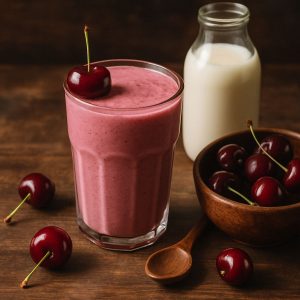 Kersen smoothie met havermelk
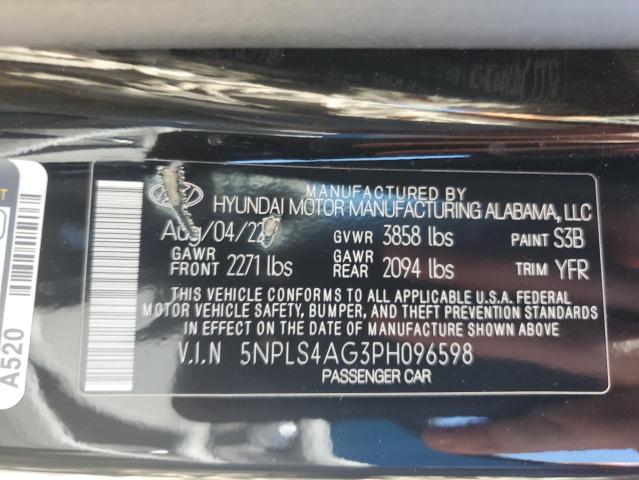 2023 HYUNDAI ELANTRA SE - 5NPLS4AG3PH096598
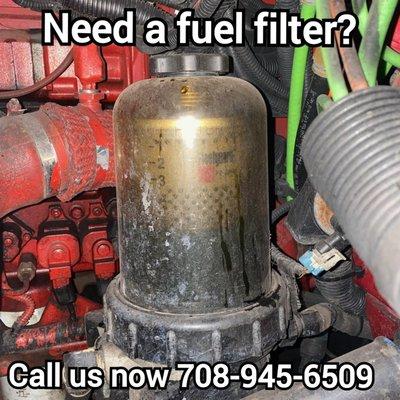 Mobile Truck Repair fuel filter service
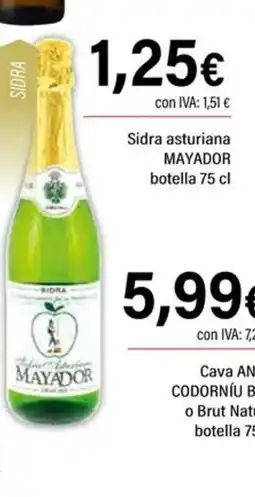 Cash Ifa MAYADOR Sidra asturiana oferta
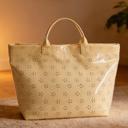  Glossy Floral Eyelet Waterproof Tote Bag
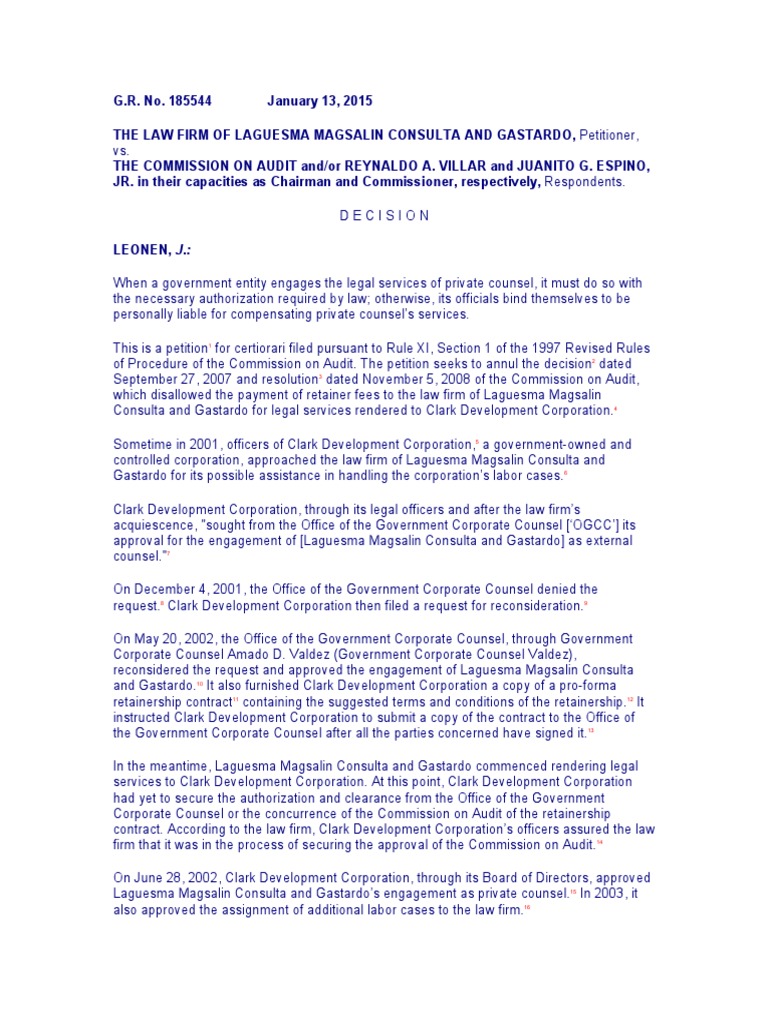 D8 LAW FIRM OF LAGUESMA Vs COA PDF PDF Certiorari Lawsuit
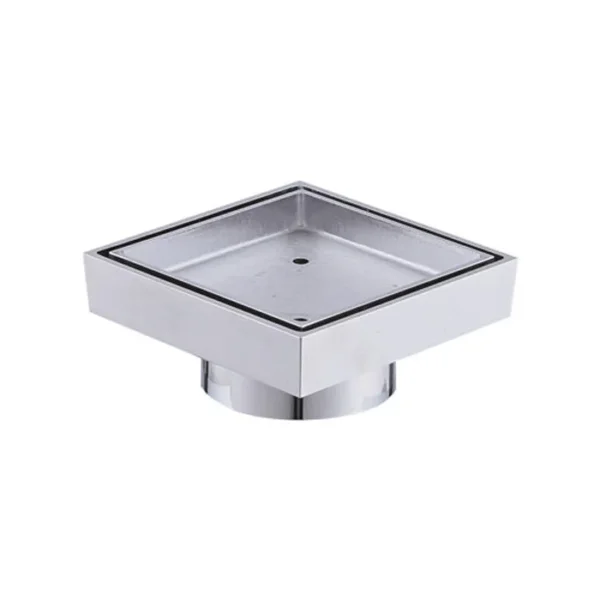 Tile Inset Drain Chrome 50mm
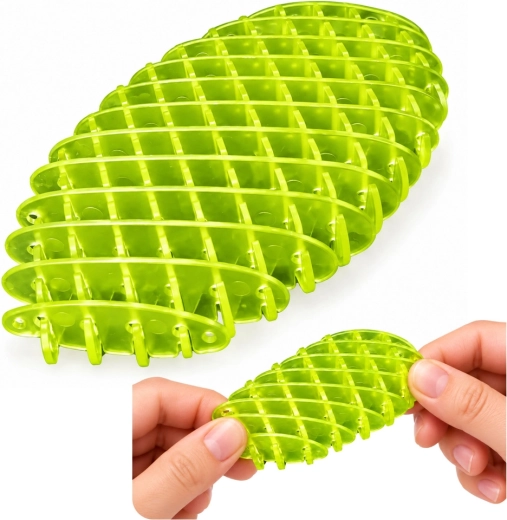 Fidget antistress élastique vert 5 cm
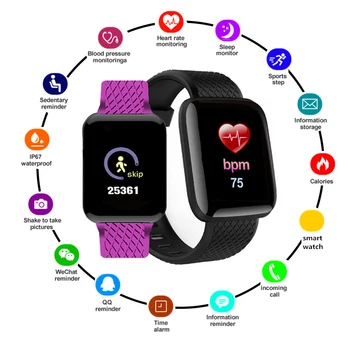 

YUEDAER OLED Smartwatch D13 Smart Watch Men Sport Heart Rate Tracker Fitness Bracelet Women Watchs For iOS Android Smartband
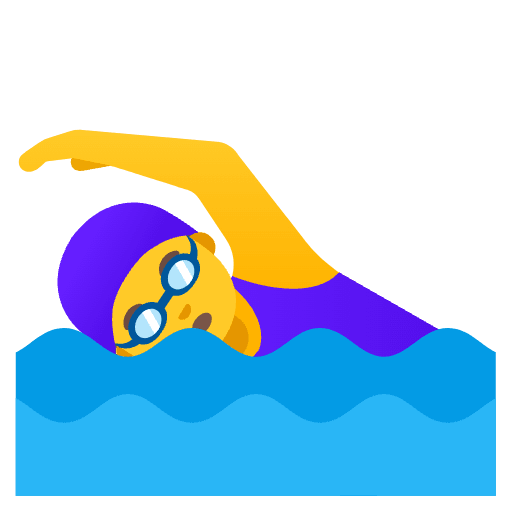 Woman Swimming Emoji from Noto Emojis Set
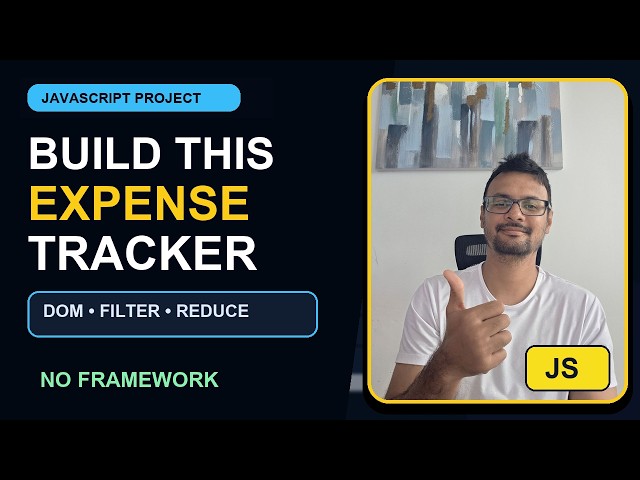JavaScript Project Tutorial: Build an Expense Tracker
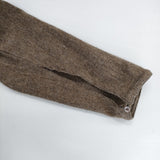 QUARTERLY 13040440904130 ウール カシミヤ混 カシュクール 日本製 ワンピース ブラウン レディース クォータリー【中古】5-1111T△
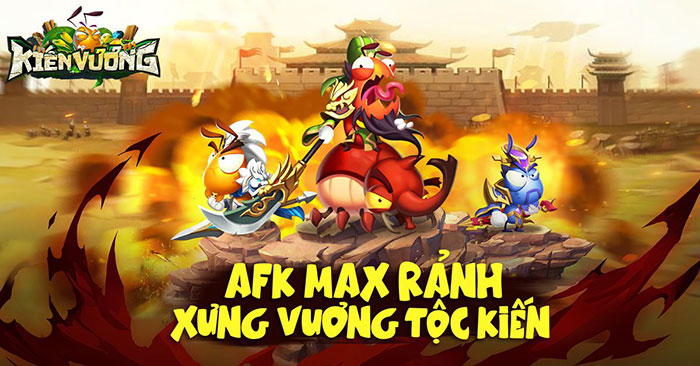 Game AFK Tam Quốc trong thế giới kiến - Kiến Vương 3Q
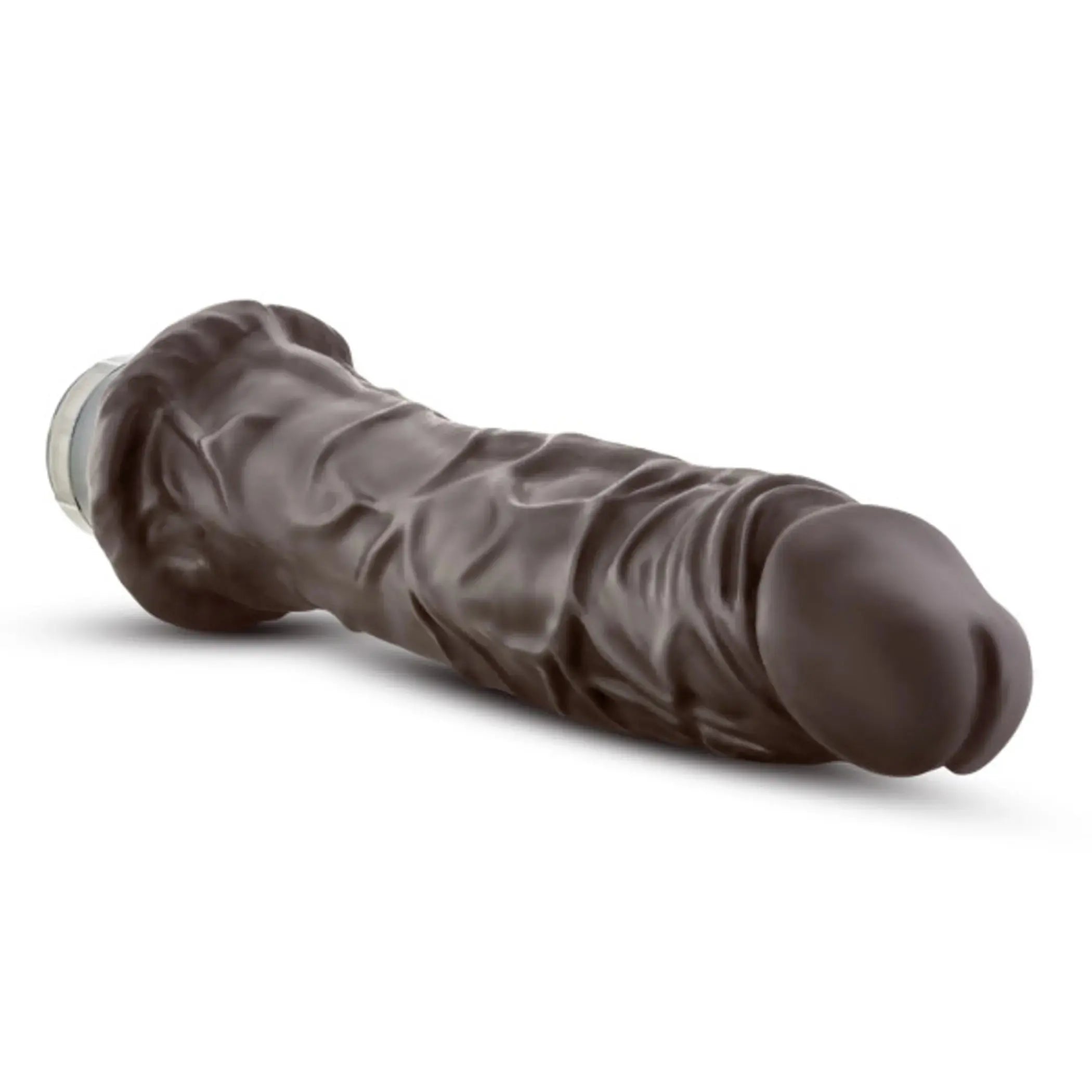 Dr Skin Vibe 9.75 Chocolate Vibrating Dildo Blush Novelties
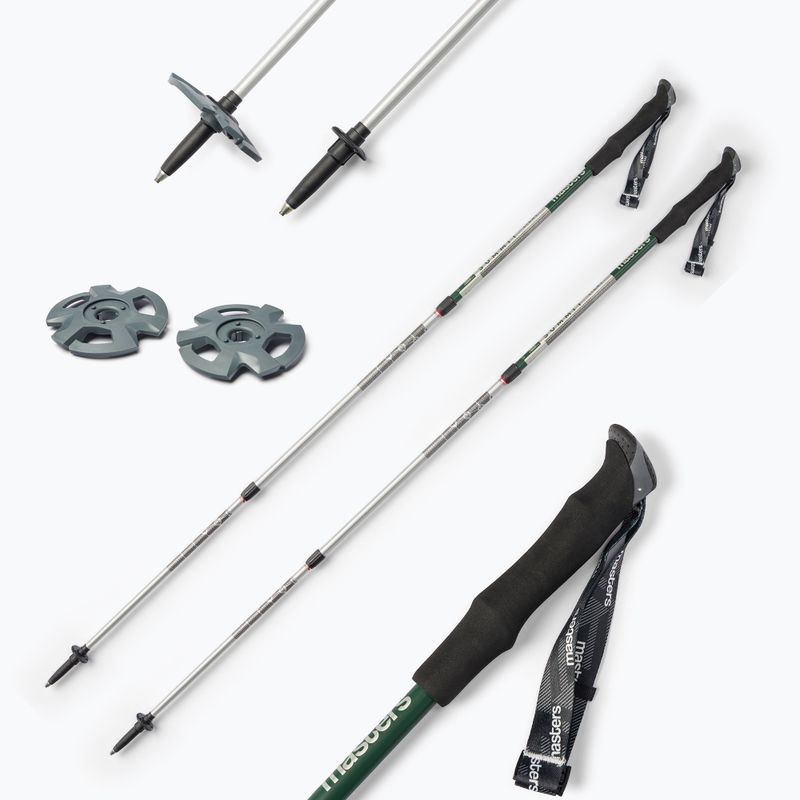 Bastoncini da trekking Masters Summit Light verdi 7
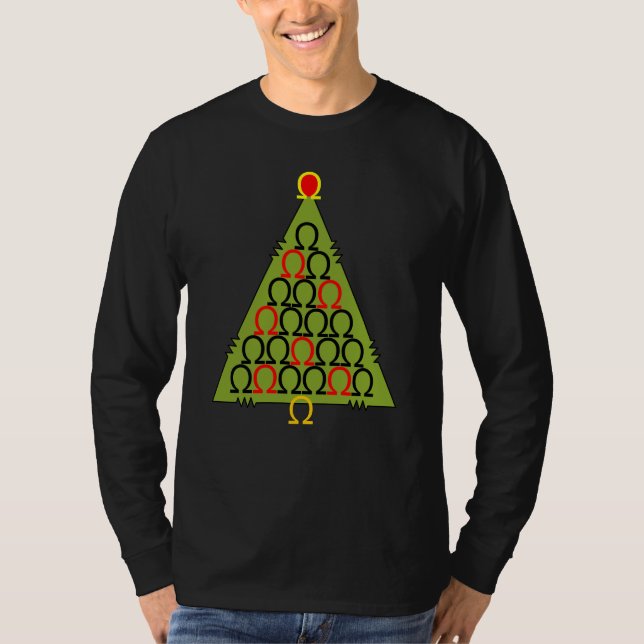 Ohm Julgran T Shirt (Framsida)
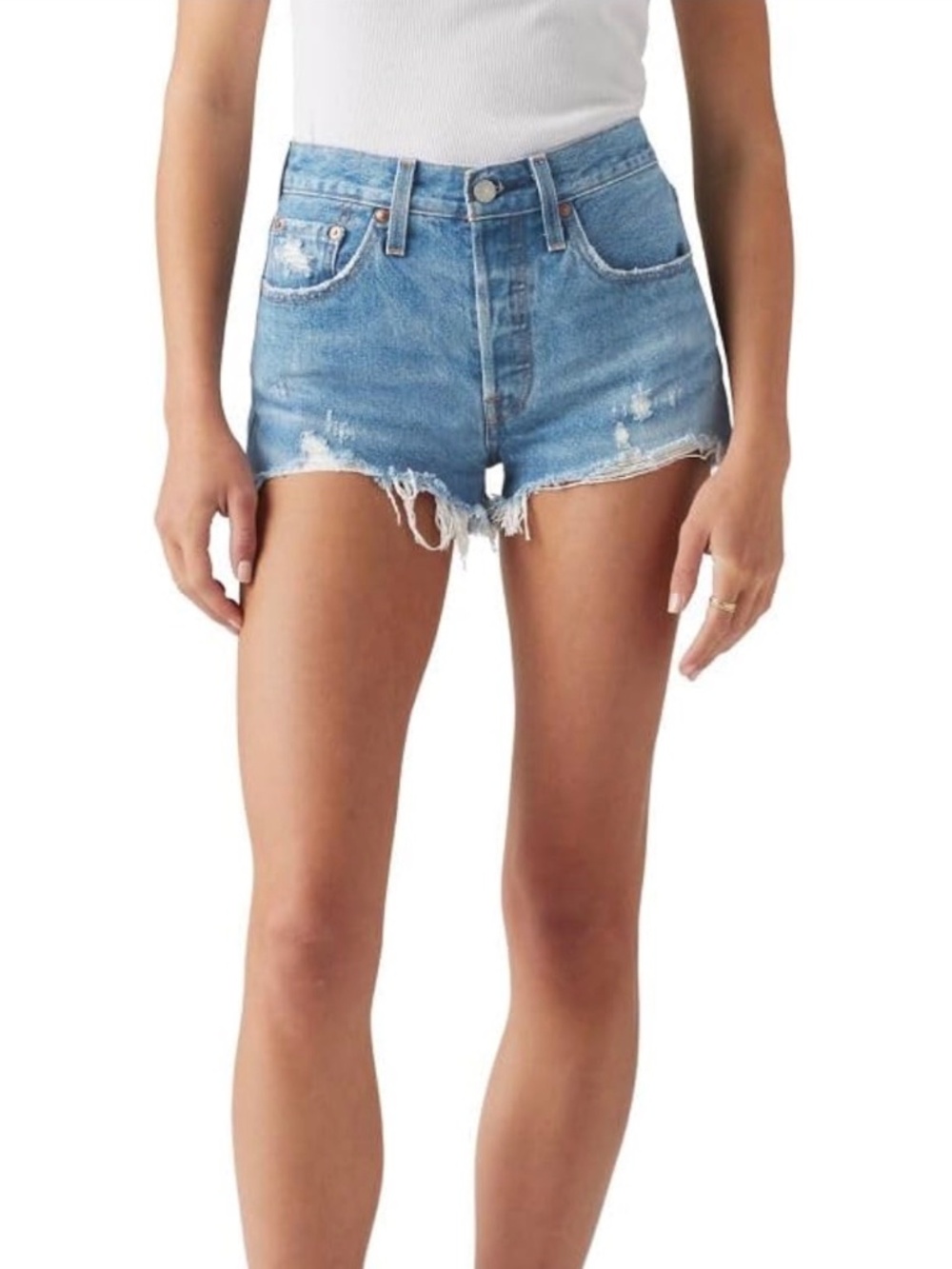 Levi’s 501 High-Rise Denim Shorts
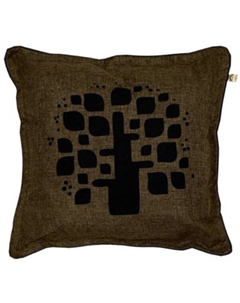 Подушка декоративная Фьюжн Дерево 48*48*15, коричневый, арт. 04-424 Матех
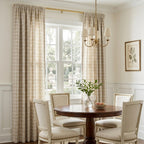 Beige Plaid - Curtain Panel - The Drapery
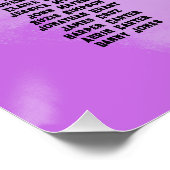 Poster Graphique de siège Mariage de l'écriture (Coin)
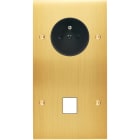 MODELEC - Façade Confidence Laiton Satine Double Verticale PC M1 à Vis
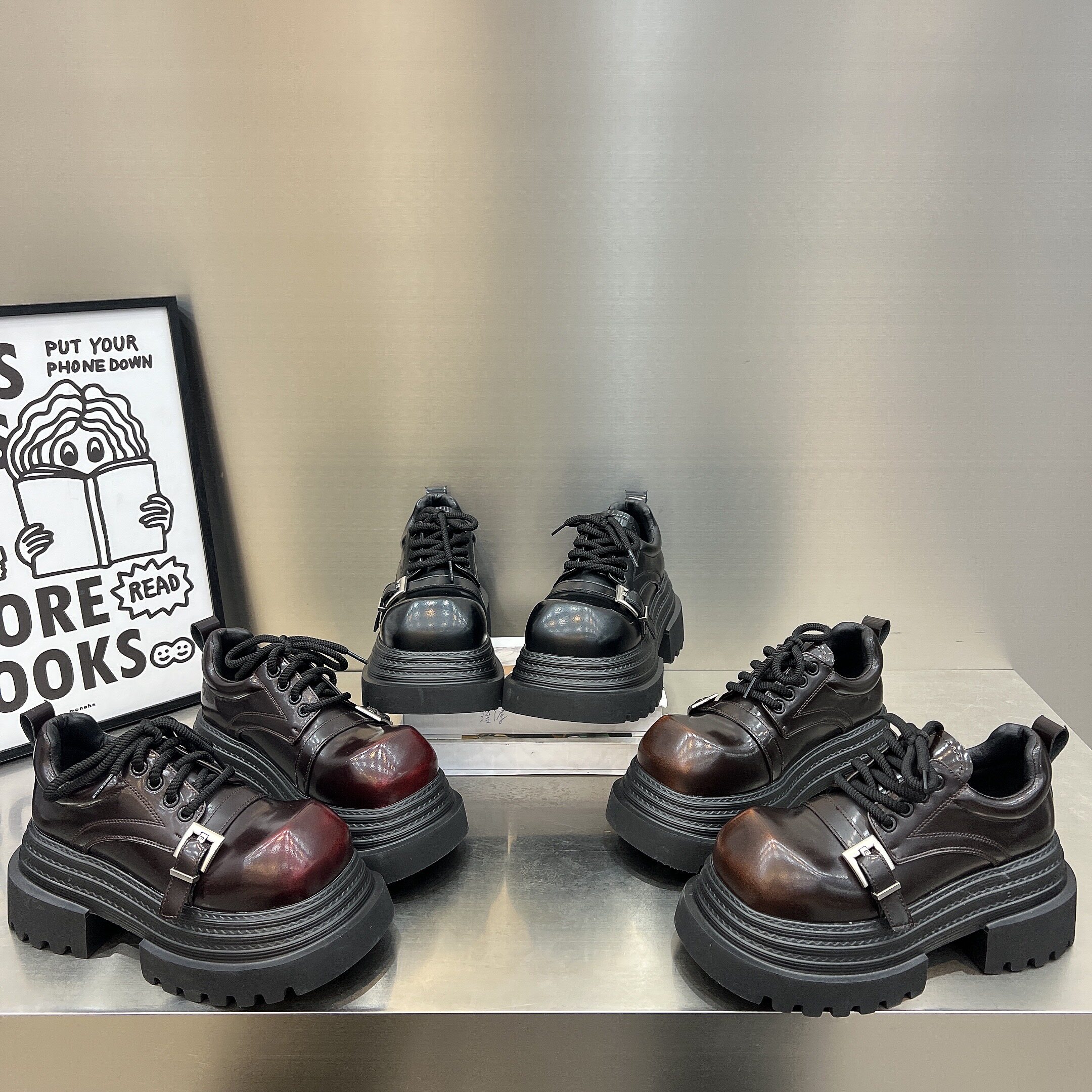 欧货真皮厚底系带小皮鞋女2026新款英伦风小个子增高乐福鞋单鞋女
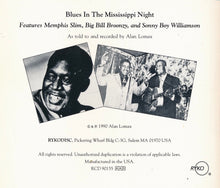 Load image into Gallery viewer, Big Bill Broonzy, Memphis Slim , And Sonny Boy Williamson : Blues In The Mississippi Night (CD, Club, RE)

····················

**TASK REQUIREMENTS:** Quote each entry above verbatim and drop the pictures.

**WORKED SOLUTION:**
 Kersen smoothie met havermelk
 2023 HYUNDAI ELANTRA SE - 5NPLS4AG3PH096598
 Mobile Truck Repair fuel filter service
 Cash Ifa MAYADOR Sidra asturiana oferta
  Glossy Floral Eyelet Waterproof Tote Bag
 D8 LAW FIRM OF LAGUESMA Vs COA PDF PDF Certiorari Lawsuit
 Tile Inset Drain Chrome 50mm
 Fidget antistress élastique vert 5 cm

YUEDAER OLED Smartwatch D13 Smart Watch Men Sport Heart Rate Tracker Fitness Bracelet Women Watchs For iOS Android Smartband
 Woman Swimming Emoji from Noto Emojis Set
JavaScript Project Tutorial: Build an Expense Tracker
 QUARTERLY 13040440904130 ウール カシミヤ混 カシュクール 日本製 ワンピース ブラウン レディース クォータリー【中古】5-1111T△
 Game AFK Tam Quốc trong thế giới kiến - Kiến Vương 3Q
 Dr Skin Vibe 9.75 Chocolate Vibrating Dildo Blush Novelties
 Bastoncini da trekking Masters Summit Light verdi 7
 Ohm Julgran T Shirt (Framsida)
 Levi’s 501 High-Rise Denim Shorts
 Подушка декоративная Фьюжн Дерево 48*48*15, коричневый, арт. 04-424 Матех
 Beige Plaid - Curtain Panel - The Drapery
 Poster Graphique de siège Mariage de l'écriture (Coin)
 MODELEC - Façade Confidence Laiton Satine Double Verticale PC M1 à Vis
 欧货真皮厚底系带小皮鞋女2026新款英伦风小个子增高乐福鞋单鞋女
 Load image into Gallery viewer, Big Bill Broonzy, Memphis Slim , And Sonny Boy Williamson : Blues In The Mississippi Night (CD, Club, RE)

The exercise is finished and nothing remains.